## ASSIGNED TASK
Transcribe, exactly and without pictures, the lines below from the line with "iPhone 8 Plus Case Liquid Crystal Aquarelle" to the line with "Read Shingeki no Kyojin ES Manga Online", both ends included, and no others.

## WORKING DATA
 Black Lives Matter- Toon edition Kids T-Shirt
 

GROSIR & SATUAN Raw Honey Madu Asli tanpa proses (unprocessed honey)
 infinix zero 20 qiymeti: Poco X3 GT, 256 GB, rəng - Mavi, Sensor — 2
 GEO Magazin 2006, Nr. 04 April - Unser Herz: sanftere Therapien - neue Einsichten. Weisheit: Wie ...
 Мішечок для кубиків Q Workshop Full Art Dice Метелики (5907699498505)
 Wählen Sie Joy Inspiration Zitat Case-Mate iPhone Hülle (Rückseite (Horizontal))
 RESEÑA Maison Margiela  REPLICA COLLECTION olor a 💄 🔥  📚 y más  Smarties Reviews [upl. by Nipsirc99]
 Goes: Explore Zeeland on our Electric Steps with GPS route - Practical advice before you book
---
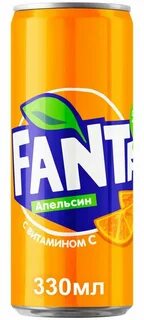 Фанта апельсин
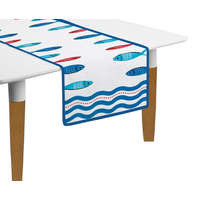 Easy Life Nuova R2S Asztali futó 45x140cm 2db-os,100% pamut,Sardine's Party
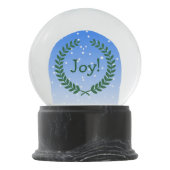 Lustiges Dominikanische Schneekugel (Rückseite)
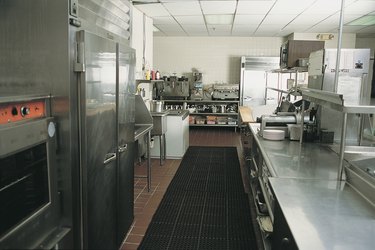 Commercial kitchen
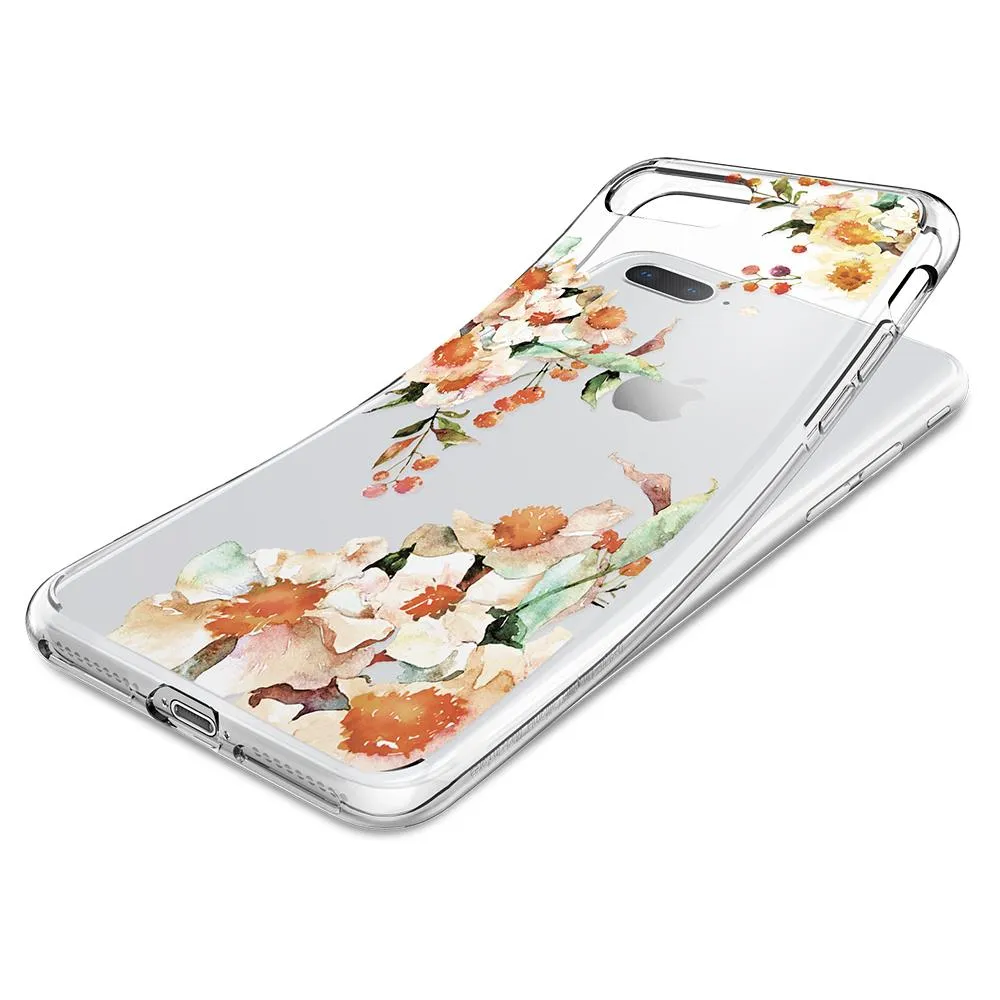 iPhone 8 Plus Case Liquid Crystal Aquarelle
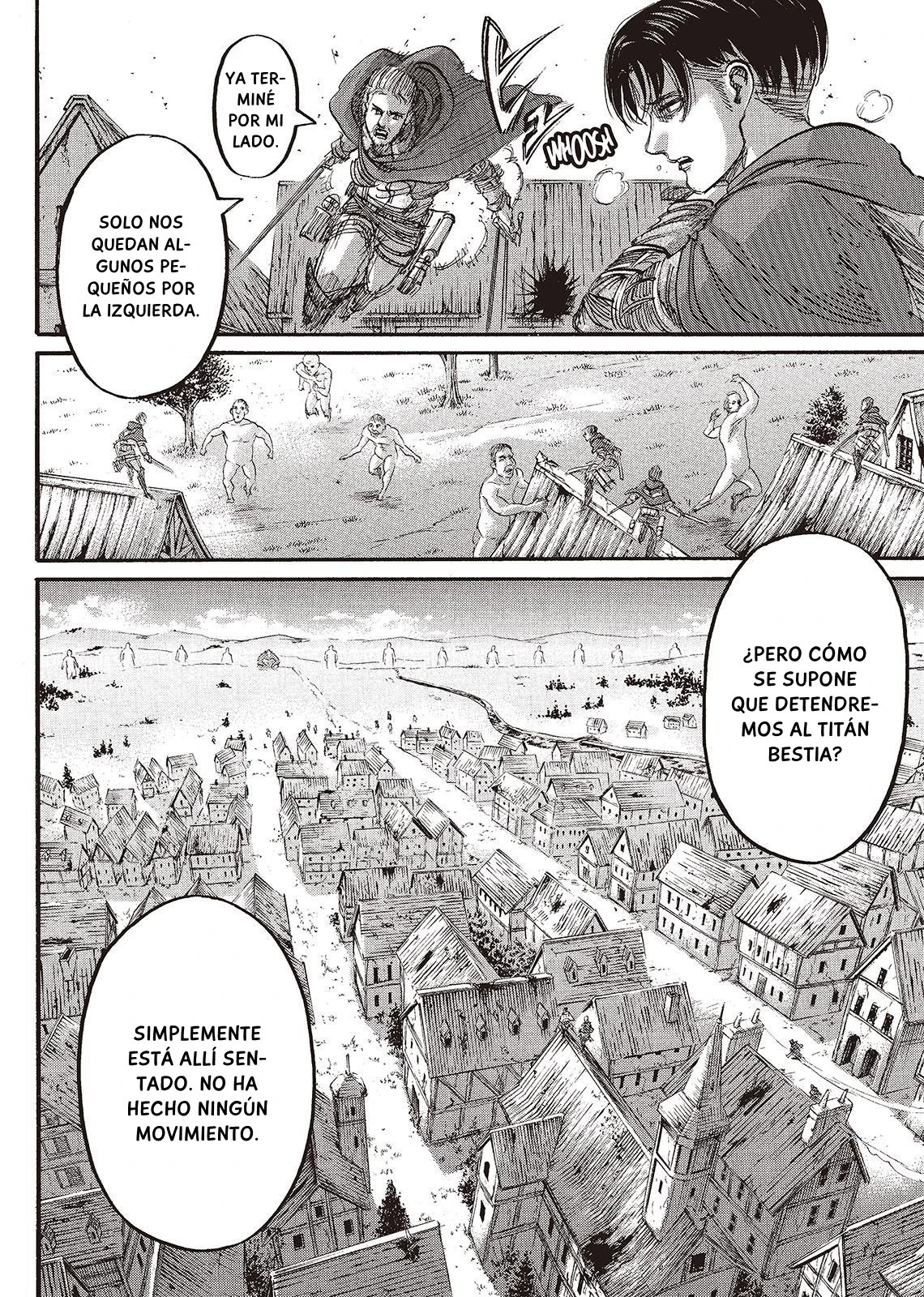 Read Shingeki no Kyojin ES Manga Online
---
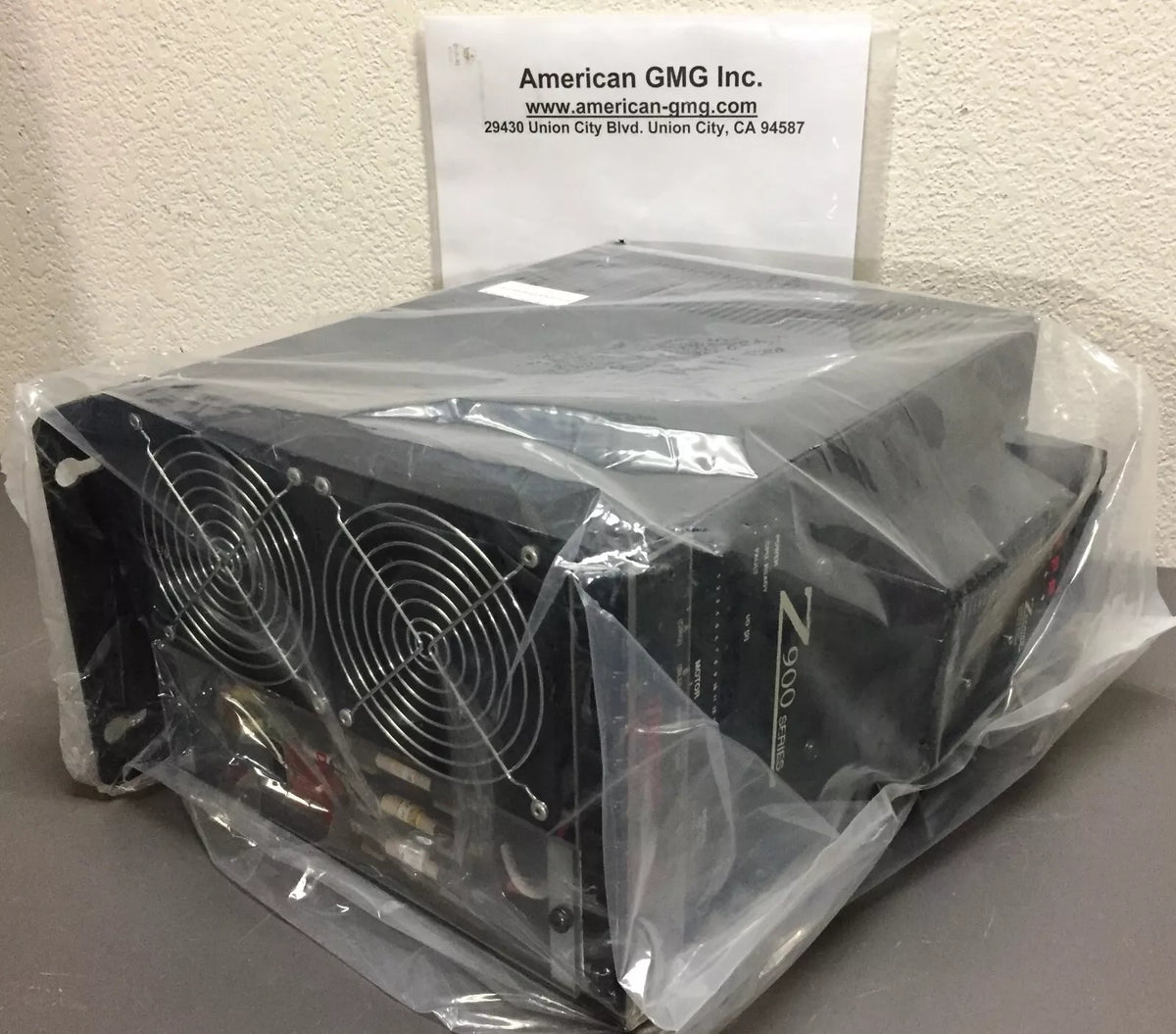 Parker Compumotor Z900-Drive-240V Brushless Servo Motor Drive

## WRITTEN SOLUTION
 iPhone 8 Plus Case Liquid Crystal Aquarelle
 Read Shingeki no Kyojin ES Manga Online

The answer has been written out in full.